Lipana, who works with fellow veterans, agreed, and suggested that the distinction starts with the “implied social contract” when a volunteer takes an oath to support and defend the U.S. Constitution: “You make this immediate separation into becoming a combatant from civilian, non-combatant.” This positions veterans differently, granting them “the right to wage violence on the civilians’ behalf” and the responsibility of abiding by the laws of combat. But the promises of the contract are often not fulfilled: “You’re supposed to return to this place of peace and safety, and instead you’re launched into this second No Man’s Land.”
Lipana emphasized this point when he discussed moral injury, which he defined as an “act or omission of an act that goes against one’s personally held deeply spiritual or moral beliefs.” Moral injury plagues veterans, and often results in social isolation, unresolved guilt, shame, loss of identity and meaning. “I know how to die for my country. But how do I live for my country?”

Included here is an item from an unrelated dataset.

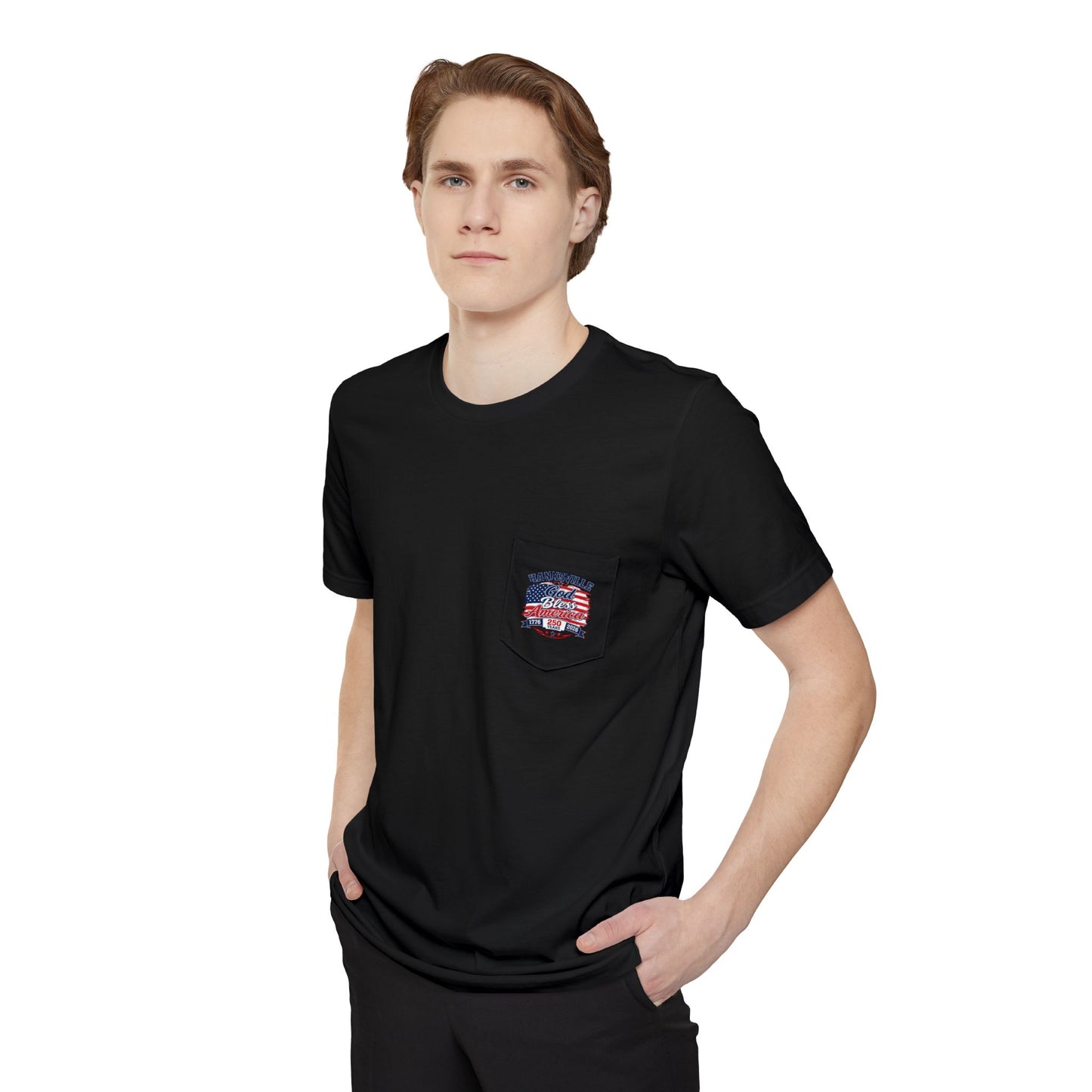 God Bless America Pocket T-Shirt – Hanksville 250th Anniversary Patriotic Tee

Lipana also added that veterans want to believe all Americans are connected to the country’s democracy and decision-making processes—that “the machine works the way it should.” But that isn’t always the case, the panel agreed. The discussion turned to how people can hold their governments accountable—especially, Sturkey noted, during wars that grow unpopular like Vietnam and Iraq.

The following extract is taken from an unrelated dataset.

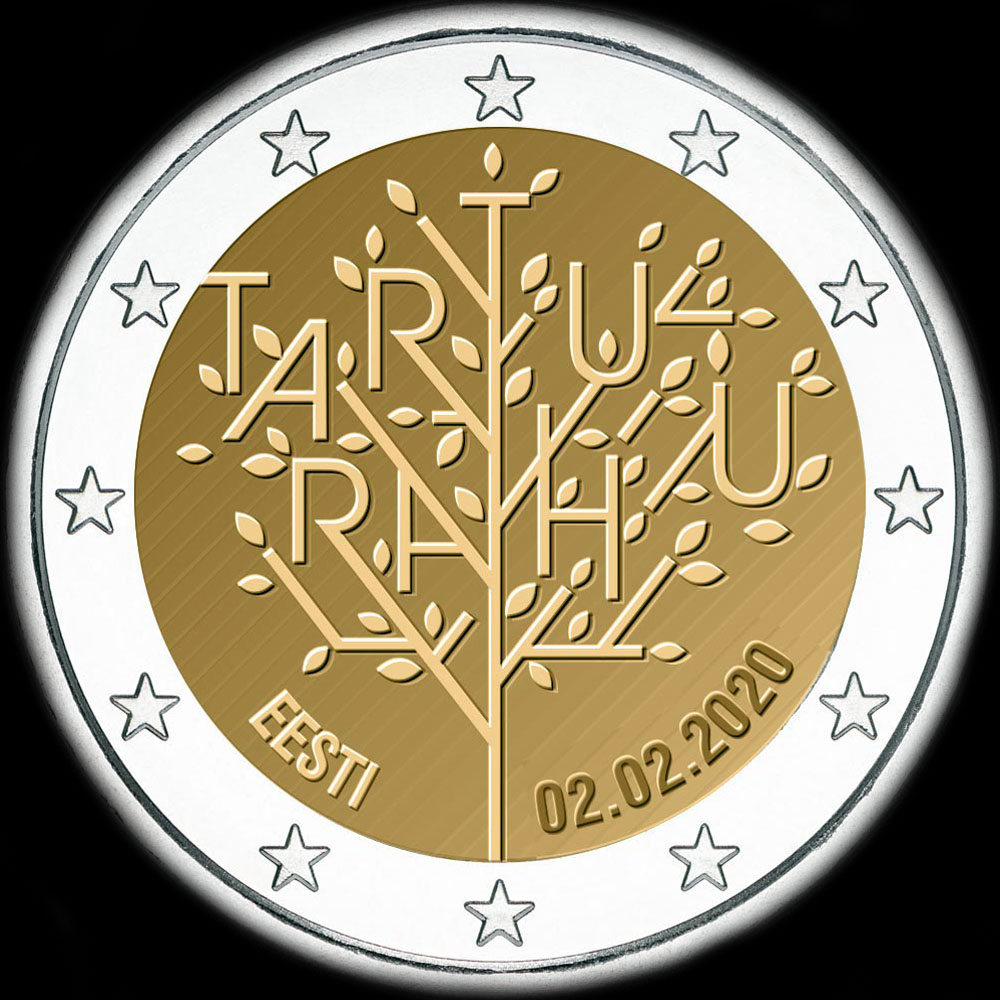 Estonie 2020 - 100 ans du Trait de Paix de Tartu - 2 euro commmorative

Speaking of her role as a journalist in conflict zones, Fassihi said she sees herself as a witness, navigating the agendas of actors on all sides to inform the public and policymakers. Traditional journalism has limits, she said: After she and her fellow correspondents reported on the disasters of the Iraq War, Americans reelected George W. Bush, anyway. Frustrated, she sent friends an email in the first-person that said, point blank, “this war is a disaster. Bush is lying.” It went viral. People wanted to connect with feelings on the ground—not just facts.
Schmidle agreed there was a need for accountability, citing government lies around 1968’s Tet Offensive during Vietnam and weapons of mass destruction in Iraq. He called out the U.S. government’s repeated practice of waging wars in places where it lacks basic understanding of the culture. Still, Schmidle, who serves as a faculty member at ASU’s Center on the Future of War, thinks emerging technologies like artificial intelligence could bring more oversight to warfare. He posed the question of whether it might be better to rely on A.I. and data than on humans to make decisions during war.

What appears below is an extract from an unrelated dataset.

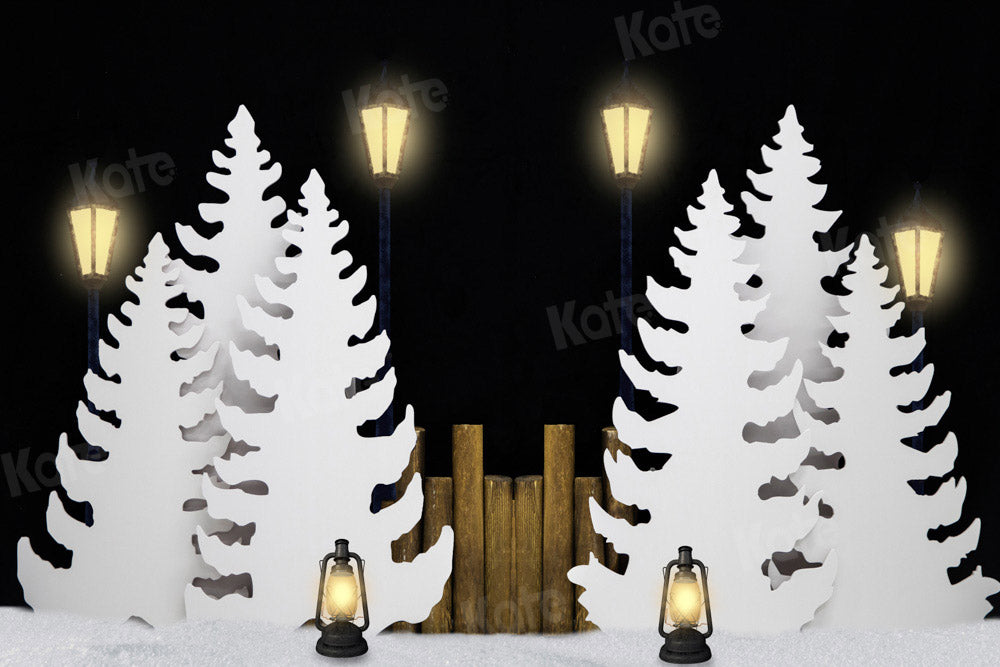 Kate Christmas Trees Winter Backdrop Light Night Designed by Emetselch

Prompted by an audience question about why America so often asks, “Why do they hate us?” Schmidle and Fassihi saw American exceptionalism as a myth that makes it hard for Americans to believe their country is capable of atrocious acts in war, or upending millions of lives over generations.
Our wars create large swaths of populations that see the U.S. as an invading force and an agent of economic insecurity, said Fassihi. “It’s very difficult,” she said, “to win hearts and minds when you’re holding a gun.”